Después de un sándwich y tres vasos de café, Boyette se encontraba mejor. Estaba sentado delante de la mesa, con la luz encendida y las persianas levantadas. Robbie y Keith lo miraban fijamente. Nadie sonreía. Evidentemente, Boyette había dejado de lado el tema del dinero, al menos por el momento.

– Bueno, y si le cuento qué le pasó a Nicole, ¿a mí qué me pasará? -preguntó, mirando a Robbie.

– Nada, al menos durante mucho tiempo. La policía y los fiscales ya tienen a su hombre. Si esta noche lo matan, nunca se plantearán la posibilidad de acusar a nadie más. En cambio, si Donté consigue un aplazamiento, no estoy seguro de lo que harán, pero tardarán mucho en reconocer que a Nicole la mató otra persona. Se juegan demasiado con su condena injusta.

– ¿O sea que no me detendrán ni hoy, ni mañana, ni pasado mañana?

– Yo de estos payasos no puedo responder, señor Boyette. No sé qué harán. Aquí, por norma general, los policías son tontos, y el detective Kerber es un gilipollas, pero detenerlo a usted sería reconocer que se han equivocado con Donté, y eso no lo harán. Si entrase ahora mismo en la comisaría, jurase sobre la Biblia y les explicase hasta el último detalle del rapto, violación y asesinato, lo tomarían enseguida por un loco. No tienen ningunas ganas de creerlo, señor Boyette. Su confesión los destroza.

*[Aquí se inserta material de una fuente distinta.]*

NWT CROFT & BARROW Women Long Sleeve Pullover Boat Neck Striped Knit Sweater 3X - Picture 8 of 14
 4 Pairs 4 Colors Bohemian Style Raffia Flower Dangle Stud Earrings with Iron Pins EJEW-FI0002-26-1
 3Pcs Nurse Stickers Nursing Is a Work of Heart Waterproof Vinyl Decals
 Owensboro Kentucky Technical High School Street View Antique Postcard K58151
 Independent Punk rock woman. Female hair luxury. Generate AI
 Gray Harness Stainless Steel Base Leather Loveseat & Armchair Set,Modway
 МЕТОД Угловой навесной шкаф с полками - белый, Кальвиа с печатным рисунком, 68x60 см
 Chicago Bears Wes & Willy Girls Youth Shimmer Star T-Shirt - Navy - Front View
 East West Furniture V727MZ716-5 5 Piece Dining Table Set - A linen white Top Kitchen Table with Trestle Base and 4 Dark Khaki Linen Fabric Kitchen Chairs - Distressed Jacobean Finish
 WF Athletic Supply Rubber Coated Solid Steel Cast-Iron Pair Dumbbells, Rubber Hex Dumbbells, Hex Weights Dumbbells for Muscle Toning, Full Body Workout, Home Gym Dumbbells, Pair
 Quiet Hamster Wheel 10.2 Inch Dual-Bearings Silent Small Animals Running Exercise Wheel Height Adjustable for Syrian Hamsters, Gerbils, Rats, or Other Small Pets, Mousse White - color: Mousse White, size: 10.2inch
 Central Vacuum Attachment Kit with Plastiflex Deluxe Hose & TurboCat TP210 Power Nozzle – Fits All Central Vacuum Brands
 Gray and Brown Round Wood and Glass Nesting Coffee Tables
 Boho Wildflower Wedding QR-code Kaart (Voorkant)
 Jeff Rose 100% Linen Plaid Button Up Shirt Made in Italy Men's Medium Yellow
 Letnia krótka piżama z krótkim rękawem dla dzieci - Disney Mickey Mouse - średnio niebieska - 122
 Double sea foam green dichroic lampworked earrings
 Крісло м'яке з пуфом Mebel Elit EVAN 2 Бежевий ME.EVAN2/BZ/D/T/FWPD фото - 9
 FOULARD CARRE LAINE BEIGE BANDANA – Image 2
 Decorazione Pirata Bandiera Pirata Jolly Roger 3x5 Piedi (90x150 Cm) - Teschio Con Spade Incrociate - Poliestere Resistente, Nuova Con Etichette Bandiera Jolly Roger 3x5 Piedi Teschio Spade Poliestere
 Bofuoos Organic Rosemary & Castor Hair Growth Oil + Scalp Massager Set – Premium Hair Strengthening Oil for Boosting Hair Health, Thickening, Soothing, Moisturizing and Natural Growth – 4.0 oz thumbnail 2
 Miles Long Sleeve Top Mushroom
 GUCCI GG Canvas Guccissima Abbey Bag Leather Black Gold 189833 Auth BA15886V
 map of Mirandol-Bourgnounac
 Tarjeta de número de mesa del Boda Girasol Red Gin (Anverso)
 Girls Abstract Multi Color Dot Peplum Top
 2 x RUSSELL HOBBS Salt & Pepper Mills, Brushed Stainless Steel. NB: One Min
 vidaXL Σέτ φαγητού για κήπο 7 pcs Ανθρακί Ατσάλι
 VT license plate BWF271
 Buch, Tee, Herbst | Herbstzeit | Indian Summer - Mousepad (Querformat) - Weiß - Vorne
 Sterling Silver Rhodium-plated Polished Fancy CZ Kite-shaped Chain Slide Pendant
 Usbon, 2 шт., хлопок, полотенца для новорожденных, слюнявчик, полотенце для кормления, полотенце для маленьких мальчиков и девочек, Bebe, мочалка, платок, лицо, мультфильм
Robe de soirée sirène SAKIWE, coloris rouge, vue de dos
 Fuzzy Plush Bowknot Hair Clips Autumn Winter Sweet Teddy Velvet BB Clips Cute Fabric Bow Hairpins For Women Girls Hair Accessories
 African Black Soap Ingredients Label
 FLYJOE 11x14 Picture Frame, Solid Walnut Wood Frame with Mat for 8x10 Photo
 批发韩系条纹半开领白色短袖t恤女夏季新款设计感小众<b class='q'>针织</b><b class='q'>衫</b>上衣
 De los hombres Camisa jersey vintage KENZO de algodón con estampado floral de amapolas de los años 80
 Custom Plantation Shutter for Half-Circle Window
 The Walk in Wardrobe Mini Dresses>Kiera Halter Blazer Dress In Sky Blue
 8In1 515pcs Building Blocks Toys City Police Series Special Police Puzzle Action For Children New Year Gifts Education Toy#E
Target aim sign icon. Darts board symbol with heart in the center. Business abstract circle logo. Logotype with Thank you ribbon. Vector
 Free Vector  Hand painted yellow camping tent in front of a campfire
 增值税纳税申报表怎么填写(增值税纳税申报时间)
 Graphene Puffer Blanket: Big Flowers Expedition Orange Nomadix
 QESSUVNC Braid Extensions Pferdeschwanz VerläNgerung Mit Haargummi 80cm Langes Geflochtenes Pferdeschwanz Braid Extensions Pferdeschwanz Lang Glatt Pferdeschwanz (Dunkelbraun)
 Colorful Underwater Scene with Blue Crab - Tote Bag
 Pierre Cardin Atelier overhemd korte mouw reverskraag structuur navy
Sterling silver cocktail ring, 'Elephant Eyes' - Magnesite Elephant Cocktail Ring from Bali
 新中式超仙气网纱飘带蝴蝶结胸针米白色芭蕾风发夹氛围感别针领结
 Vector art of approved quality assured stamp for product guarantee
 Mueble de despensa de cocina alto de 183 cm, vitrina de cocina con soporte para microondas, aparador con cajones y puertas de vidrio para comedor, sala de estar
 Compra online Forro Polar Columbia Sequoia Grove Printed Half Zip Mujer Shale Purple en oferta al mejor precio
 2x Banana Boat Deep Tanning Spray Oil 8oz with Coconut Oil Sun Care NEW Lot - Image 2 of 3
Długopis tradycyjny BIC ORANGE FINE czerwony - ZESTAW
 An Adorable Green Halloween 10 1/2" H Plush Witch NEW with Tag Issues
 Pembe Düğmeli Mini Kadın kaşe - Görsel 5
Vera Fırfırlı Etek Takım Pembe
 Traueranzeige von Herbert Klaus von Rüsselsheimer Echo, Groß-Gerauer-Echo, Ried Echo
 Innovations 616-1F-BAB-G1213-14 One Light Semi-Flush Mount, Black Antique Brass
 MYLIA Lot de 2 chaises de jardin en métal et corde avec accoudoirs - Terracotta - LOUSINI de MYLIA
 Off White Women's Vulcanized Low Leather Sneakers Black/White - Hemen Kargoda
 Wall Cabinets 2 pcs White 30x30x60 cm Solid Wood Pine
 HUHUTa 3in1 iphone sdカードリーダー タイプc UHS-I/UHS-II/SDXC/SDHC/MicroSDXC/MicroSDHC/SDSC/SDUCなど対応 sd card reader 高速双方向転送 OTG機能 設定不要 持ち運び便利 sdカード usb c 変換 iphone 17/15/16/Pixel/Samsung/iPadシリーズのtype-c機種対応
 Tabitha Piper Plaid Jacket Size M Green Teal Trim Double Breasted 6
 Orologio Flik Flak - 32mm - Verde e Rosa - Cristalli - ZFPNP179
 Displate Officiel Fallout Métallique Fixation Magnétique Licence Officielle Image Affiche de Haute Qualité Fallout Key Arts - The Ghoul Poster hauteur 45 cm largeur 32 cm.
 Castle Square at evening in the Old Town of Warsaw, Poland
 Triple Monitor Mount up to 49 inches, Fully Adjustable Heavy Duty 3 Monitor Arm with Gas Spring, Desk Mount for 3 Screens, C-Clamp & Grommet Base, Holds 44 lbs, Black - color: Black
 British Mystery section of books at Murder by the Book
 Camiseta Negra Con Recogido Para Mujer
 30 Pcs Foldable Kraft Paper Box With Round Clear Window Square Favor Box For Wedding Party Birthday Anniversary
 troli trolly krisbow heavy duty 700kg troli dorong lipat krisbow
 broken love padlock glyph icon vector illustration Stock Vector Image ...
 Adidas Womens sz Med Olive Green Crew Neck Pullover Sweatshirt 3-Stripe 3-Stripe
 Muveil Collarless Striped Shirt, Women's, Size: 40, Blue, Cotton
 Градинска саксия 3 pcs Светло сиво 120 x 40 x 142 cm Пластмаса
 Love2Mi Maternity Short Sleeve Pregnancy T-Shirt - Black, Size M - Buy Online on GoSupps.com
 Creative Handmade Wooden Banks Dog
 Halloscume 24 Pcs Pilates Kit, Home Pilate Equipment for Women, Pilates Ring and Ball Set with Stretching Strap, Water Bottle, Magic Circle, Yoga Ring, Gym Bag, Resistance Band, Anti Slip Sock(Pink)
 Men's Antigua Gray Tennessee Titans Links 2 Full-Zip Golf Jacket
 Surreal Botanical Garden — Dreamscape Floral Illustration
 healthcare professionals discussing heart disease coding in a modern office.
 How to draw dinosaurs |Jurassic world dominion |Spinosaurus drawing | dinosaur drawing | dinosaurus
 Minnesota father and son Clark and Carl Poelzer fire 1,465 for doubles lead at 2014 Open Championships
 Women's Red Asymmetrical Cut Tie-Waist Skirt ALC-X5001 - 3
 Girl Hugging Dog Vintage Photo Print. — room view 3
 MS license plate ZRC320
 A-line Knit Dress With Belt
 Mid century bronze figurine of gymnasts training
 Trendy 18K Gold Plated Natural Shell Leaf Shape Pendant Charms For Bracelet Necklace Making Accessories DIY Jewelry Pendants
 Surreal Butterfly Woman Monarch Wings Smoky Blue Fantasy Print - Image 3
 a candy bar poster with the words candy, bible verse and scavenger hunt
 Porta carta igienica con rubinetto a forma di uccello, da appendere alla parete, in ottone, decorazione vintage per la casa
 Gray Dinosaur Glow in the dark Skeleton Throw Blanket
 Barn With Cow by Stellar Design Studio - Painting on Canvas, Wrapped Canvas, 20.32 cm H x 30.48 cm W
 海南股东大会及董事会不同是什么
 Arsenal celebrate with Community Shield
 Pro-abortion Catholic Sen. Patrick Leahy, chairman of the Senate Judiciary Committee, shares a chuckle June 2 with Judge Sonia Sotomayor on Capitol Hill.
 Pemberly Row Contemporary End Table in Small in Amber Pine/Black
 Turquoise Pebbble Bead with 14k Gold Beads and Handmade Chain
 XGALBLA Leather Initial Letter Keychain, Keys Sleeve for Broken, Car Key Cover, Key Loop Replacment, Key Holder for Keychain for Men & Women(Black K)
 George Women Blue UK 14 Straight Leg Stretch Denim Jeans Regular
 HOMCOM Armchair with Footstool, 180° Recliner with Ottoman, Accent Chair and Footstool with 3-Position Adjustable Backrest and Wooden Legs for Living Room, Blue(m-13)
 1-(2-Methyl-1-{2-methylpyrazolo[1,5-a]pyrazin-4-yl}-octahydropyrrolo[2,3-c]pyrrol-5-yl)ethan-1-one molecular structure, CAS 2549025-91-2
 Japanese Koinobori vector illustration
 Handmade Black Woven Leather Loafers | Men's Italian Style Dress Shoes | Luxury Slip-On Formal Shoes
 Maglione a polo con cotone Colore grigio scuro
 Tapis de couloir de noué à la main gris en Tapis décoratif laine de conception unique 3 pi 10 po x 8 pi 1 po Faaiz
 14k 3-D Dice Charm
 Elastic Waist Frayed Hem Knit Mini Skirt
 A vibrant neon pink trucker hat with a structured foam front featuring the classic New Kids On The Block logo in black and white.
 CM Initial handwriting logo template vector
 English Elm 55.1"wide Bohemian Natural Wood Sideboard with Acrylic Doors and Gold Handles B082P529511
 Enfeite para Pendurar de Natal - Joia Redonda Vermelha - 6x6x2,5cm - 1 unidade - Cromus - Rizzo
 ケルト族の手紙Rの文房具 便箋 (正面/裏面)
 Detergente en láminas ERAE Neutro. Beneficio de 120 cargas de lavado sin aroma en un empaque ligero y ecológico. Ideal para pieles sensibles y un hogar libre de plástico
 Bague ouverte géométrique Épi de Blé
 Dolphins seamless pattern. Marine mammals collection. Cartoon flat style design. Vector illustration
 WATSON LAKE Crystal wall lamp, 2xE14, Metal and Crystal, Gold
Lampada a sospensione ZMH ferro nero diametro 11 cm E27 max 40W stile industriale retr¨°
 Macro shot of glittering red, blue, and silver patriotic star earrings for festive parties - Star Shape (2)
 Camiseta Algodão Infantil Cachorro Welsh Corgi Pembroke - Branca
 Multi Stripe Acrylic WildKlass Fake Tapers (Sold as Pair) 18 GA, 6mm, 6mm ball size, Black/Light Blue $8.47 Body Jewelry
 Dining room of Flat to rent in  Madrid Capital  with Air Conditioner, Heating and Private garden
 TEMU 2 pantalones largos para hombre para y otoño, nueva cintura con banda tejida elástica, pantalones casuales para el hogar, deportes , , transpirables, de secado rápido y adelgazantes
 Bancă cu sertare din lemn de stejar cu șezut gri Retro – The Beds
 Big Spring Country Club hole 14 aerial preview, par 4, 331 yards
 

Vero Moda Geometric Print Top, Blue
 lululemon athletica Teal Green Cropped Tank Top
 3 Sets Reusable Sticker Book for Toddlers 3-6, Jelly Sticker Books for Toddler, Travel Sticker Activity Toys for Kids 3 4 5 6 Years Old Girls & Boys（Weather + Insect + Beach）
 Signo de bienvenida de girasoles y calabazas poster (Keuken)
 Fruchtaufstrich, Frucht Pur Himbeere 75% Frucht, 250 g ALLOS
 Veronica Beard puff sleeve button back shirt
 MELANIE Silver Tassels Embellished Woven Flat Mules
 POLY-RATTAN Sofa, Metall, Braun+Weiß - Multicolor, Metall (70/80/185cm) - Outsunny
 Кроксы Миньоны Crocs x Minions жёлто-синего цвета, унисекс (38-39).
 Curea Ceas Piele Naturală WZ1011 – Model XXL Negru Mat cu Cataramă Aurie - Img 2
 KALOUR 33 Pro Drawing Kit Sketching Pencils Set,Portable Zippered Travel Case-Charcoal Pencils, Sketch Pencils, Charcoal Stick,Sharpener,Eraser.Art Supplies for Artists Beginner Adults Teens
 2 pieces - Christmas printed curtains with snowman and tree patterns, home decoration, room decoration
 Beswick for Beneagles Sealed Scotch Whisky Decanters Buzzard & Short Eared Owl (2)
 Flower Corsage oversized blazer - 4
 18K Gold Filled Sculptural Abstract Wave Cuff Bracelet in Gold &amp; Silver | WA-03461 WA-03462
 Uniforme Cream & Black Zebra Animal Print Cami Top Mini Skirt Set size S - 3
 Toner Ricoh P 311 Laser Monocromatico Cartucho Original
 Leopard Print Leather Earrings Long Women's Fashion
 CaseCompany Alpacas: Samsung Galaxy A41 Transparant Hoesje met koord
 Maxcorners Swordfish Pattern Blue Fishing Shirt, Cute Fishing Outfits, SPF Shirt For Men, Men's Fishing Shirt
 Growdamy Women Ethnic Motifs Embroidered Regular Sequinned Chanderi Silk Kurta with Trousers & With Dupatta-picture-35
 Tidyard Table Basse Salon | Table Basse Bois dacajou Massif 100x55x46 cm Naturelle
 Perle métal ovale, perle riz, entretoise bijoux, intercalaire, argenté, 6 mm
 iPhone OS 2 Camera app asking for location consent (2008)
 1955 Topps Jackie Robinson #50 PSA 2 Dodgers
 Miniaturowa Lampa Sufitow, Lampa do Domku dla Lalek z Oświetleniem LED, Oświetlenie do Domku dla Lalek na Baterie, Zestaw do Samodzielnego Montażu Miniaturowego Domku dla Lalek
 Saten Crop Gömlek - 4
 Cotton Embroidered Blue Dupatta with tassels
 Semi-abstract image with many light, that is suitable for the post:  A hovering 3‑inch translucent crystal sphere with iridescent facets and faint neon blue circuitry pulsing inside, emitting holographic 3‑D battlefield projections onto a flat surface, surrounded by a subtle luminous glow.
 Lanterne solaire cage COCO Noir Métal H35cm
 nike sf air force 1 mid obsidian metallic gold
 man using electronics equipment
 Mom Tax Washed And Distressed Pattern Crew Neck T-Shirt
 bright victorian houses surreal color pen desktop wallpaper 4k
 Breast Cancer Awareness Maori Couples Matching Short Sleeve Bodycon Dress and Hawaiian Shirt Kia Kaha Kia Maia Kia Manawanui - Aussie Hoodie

El tic y la pausa. Robbie se inclinó y miró a Boyette con cara de enfado.

– Se ha acabado el tiempo, señor Boyette. Quiero oírlo. Dígame la verdad. ¿Mató a la chica?

– Sí, ya se lo dije a Keith: la rapté, la violé durante dos días, la estrangulé y escondí el cadáver.

– ¿Dónde está el cadáver? Le aseguro que encontrarlo evitaría la ejecución. ¿Dónde está?

– En las colinas del sur de Joplin, Missouri. Lejos de todo.